WHAT YOU ARE ASKED TO DO
Leave the pictures out and write out the rest of the listing word for word.

##########

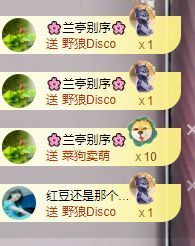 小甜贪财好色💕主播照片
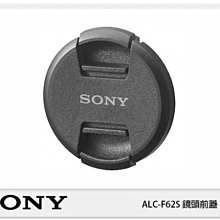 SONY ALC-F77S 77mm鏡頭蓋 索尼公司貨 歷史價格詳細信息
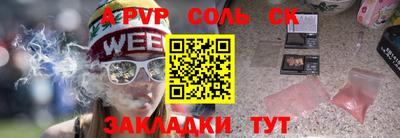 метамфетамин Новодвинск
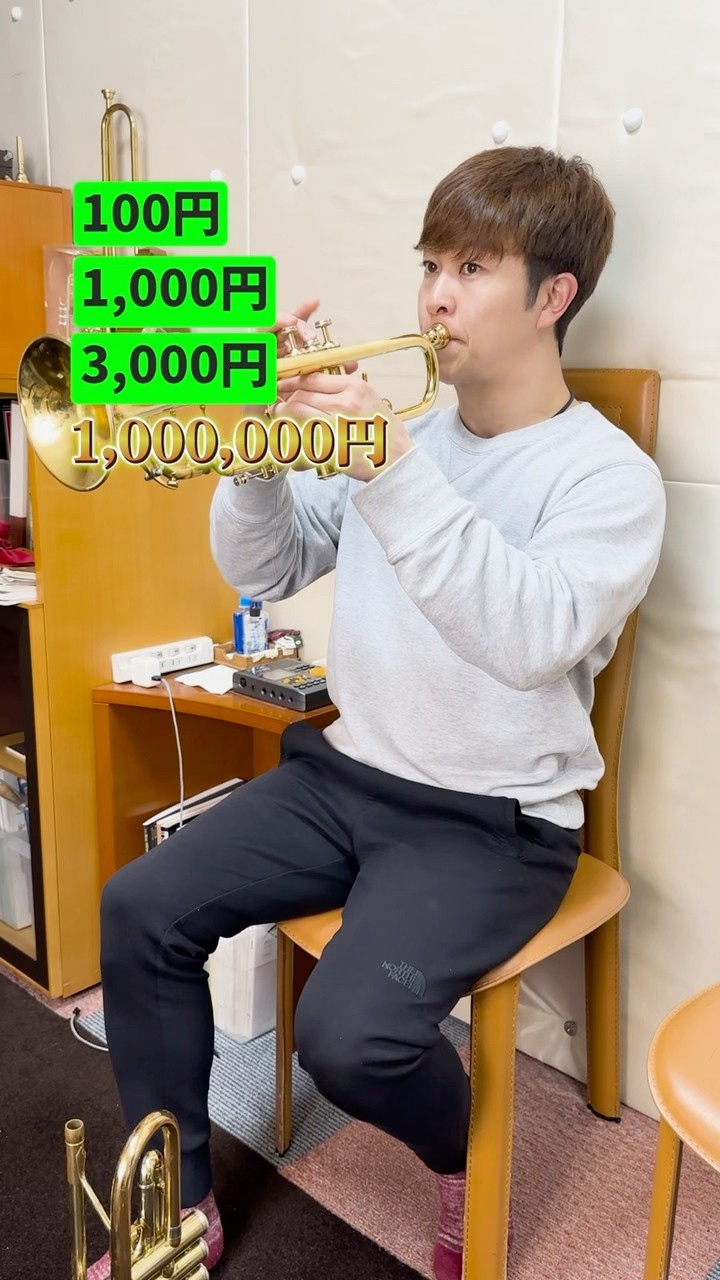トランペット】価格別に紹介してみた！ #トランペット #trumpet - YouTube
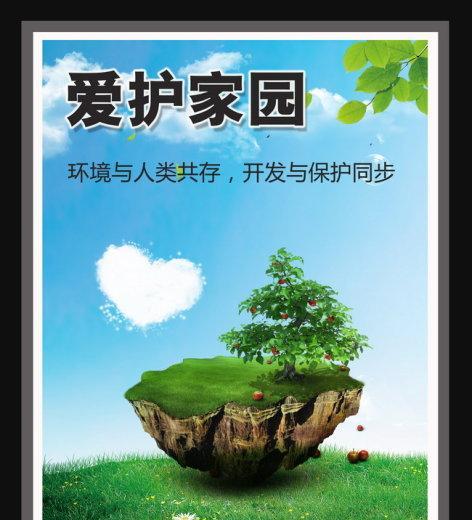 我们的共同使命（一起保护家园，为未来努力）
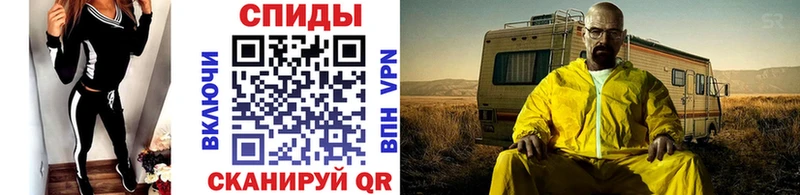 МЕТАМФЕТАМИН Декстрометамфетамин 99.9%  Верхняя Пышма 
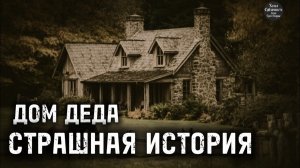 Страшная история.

##########

RESPONSE BELOW
 小甜贪财好色💕主播照片
 SONY ALC-F77S 77mm鏡頭蓋 索尼公司貨 歷史價格詳細信息
 метамфетамин Новодвинск
トランペット】価格別に紹介してみた！ #トランペット #trumpet - YouTube
 我们的共同使命（一起保护家园，为未来努力）
 МЕТАМФЕТАМИН Декстрометамфетамин 99.9%  Верхняя Пышма 
 Страшная история.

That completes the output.